§ Data segment:
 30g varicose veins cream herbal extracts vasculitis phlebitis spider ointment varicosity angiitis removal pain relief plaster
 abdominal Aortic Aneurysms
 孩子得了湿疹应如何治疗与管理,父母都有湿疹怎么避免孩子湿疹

§ Work item: Would you please repeat the entire listing, line for line?

§ Response below:
 30g varicose veins cream herbal extracts vasculitis phlebitis spider ointment varicosity angiitis removal pain relief plaster
 abdominal Aortic Aneurysms
 孩子得了湿疹应如何治疗与管理,父母都有湿疹怎么避免孩子湿疹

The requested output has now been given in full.